Он вошел в стеклянную комнату, бросил рассеянный взгляд на клавиши, неподвижные, словно умершие, на маленькие часы, висевшие на стене, производившие свой шум скромной правильной жизни, согласно с обширным циферблатом. Разве он сам не был в этой башне тоже лишь маленьким биением человеческой жизни? Он едва взглянул. Его глаза уже смотрели вдаль.

У него промелькнула внезапная мысль, указавшая, наконец, на подробности «дела», которые он не хотел предвидеть, обдумывая свои последние минуты. Он вспомнил о колоколах, больших колоколах, которые ему захотелось снова увидеть, назвать по имени в их дортуарах, приласкать прощальным движением руки, – колоколах, которые были его настоящими друзьями, источниками утешения, верными гробницами его печали.
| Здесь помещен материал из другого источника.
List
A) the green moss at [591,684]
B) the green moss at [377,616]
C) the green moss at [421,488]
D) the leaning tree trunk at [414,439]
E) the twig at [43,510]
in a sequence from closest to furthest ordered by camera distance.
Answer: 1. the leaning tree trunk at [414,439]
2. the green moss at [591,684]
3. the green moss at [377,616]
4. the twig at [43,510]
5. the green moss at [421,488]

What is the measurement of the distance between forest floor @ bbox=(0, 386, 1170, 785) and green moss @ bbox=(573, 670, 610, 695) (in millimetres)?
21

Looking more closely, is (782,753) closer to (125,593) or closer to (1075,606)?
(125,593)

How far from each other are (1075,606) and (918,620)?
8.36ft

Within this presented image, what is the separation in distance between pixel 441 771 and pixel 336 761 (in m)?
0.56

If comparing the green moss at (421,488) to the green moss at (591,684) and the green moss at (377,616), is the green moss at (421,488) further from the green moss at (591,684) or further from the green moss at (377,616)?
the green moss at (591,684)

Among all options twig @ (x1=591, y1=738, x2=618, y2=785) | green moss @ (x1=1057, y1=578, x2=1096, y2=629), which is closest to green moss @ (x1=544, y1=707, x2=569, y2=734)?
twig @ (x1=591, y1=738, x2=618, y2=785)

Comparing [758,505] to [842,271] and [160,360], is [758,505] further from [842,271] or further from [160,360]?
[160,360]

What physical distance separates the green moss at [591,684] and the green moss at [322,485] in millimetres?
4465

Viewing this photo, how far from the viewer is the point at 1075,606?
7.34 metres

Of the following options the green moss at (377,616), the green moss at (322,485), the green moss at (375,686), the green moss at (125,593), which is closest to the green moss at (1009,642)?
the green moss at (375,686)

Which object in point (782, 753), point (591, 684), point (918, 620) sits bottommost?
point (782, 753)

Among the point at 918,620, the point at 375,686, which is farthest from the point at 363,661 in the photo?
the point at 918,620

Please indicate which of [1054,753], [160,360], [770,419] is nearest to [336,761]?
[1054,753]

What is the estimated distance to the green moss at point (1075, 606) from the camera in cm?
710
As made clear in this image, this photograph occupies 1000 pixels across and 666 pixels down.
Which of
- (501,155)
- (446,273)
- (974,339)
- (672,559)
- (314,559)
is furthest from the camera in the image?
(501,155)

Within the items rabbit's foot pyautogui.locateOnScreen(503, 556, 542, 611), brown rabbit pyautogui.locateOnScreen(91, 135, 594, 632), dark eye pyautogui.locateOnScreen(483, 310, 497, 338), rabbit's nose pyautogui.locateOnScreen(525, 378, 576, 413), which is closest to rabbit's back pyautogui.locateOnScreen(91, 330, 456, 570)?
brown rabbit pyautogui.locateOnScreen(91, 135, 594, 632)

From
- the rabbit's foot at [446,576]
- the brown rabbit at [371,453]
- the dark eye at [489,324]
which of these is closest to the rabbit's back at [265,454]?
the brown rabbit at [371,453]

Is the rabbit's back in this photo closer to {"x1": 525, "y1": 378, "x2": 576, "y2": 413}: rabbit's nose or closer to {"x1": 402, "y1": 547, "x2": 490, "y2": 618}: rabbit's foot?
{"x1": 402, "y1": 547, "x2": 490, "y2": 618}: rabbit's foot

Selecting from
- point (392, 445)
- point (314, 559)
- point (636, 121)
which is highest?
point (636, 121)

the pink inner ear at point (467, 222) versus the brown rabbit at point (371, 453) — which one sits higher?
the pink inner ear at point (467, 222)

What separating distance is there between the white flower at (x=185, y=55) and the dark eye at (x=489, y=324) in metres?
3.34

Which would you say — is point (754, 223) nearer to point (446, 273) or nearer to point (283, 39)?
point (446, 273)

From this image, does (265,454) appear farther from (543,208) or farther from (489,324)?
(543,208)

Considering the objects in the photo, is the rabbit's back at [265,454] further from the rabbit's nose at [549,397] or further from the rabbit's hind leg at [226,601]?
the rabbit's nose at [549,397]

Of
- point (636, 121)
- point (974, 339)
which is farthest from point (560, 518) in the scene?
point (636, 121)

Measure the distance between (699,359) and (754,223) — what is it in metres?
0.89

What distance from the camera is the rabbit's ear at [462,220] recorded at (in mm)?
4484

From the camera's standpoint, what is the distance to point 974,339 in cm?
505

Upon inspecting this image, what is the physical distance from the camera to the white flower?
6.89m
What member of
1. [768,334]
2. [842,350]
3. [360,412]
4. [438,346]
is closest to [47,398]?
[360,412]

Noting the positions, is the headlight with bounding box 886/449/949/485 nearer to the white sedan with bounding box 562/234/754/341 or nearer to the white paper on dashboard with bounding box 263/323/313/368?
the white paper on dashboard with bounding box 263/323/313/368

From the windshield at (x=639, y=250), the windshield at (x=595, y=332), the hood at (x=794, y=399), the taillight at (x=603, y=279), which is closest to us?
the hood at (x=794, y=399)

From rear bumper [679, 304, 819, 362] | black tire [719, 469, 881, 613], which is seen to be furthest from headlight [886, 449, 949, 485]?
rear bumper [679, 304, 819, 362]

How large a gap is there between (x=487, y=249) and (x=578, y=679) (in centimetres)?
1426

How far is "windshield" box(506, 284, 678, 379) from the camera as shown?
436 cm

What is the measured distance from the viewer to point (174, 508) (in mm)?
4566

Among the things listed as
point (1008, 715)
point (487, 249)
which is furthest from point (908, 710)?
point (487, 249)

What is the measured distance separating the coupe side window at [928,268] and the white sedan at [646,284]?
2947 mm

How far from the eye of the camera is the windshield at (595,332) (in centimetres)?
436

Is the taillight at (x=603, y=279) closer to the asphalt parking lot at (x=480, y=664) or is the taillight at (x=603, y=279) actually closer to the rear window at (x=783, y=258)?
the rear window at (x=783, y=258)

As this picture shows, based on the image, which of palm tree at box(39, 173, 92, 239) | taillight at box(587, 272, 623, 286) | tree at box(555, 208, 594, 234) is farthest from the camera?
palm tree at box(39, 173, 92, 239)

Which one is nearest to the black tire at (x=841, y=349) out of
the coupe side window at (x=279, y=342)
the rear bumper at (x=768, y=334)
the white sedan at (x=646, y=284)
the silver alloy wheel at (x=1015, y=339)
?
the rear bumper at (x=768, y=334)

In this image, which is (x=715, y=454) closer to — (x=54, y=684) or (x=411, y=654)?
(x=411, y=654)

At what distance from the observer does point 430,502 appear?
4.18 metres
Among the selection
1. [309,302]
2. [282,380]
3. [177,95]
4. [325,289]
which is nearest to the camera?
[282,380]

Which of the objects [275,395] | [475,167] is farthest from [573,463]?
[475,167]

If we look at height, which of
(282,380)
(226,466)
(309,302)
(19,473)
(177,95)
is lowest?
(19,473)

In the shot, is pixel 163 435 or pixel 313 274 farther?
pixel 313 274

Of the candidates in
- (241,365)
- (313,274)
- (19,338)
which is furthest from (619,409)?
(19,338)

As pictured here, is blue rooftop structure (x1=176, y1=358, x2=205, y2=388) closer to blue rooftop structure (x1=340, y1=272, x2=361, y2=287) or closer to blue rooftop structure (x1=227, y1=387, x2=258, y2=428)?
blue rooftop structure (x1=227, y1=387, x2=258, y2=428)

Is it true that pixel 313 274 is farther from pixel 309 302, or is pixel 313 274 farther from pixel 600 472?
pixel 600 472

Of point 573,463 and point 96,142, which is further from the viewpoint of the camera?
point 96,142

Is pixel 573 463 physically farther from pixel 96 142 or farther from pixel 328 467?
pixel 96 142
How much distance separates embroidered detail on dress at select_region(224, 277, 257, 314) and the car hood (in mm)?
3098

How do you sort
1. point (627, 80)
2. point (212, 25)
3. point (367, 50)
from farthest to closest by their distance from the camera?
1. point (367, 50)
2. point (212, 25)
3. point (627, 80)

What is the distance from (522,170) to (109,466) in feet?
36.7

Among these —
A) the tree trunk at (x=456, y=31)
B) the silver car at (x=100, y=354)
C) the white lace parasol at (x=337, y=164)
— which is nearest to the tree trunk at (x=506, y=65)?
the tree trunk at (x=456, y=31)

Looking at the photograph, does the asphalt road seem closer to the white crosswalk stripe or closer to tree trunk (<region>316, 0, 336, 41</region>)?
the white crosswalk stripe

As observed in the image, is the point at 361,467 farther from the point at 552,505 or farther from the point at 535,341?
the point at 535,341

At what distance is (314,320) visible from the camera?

Что, если один из них теперь сделается гробницей его тела? Да! Он изберет один из огромных колоколов; внутри, в самой глубине, у них есть кольцо, куда прикрепляется язык колокола. Там он привяжет свою короткую веревку; таким образом он исчезнет целиком в мрачной пропасти, где никто не откроет его долгое время, может быть, никогда. Отрадное чувство – окончить жизнь в глубине одного из этих колоколов, которые он так любил!

 

Какой же он изберет? Большие колокола находились в последнем этаже, на площадке, куда ведет маленькая конечная лестница, всего из тринадцати ступеней. В ту минуту, когда он хотел подняться, он подумал о фатальном числе. Но на этот раз он не колебался, взошел решительно по этому числу, которое содержит в себе смерть. Он спешил. Показались большие колокола; они царили над всем, вечно беспокойные. Бесконечный трепет заключался в них. Борлют увидел снова колокол Сладострастия. Он посмотрел на него, как на Испытание Совести. Этот колокол был грехом колоколов и грехом его жизни. Послушав его, он погубил себя. Он уступил искушению тела, сетям женщины. Он полюбил тело вместо того, чтобы любить только город. Так как он изменил своему идеалу, ему не суждено было увидеть его осуществления в минуту своей смерти. Он вспомнил о полной экстаза кончине Ван-Гюля. «Они прозвонили!» Он же не увидит красоты Брюгге осуществленной, так как не стремился всегда к ней одной. Это была вина пагубного колокола, который всегда искушал его. Даже в эту минуту он призывал его. Он хотел искусить еще раз, склонить его еще в худшему: веревка кажется возлюбленной, она обещает страстную смерть; пусть он умрет в его бронзовой одежде, смешавшись с древней оргией…

Борлют ужаснулся, отвернулся.

Главный колокол, звонивший часы, предлагал себя, немного на отдалении, обширный, мрачный, как немая пропасть, которая, поглотила бы его всего. Он почувствовал, что это была конечная цель, ускорил приготовление, спокойный, думая о Боге, заботливый и быстрый в своих движениях, палач самого себя.

И он вошел в колокол, как пламя в гасильник…

В этот день, на другой день, во все последующие дни колокола звонили, автоматически играли гимны и часы; но воздуху разлетался целый концерт, наполнял меланхолическим чувством благородные души, древние остроконечные крыши, белые шейки лебедей, – и никто среди неблагодарного города не чувствовал, что отныне Живая Душа таилась в колоколах.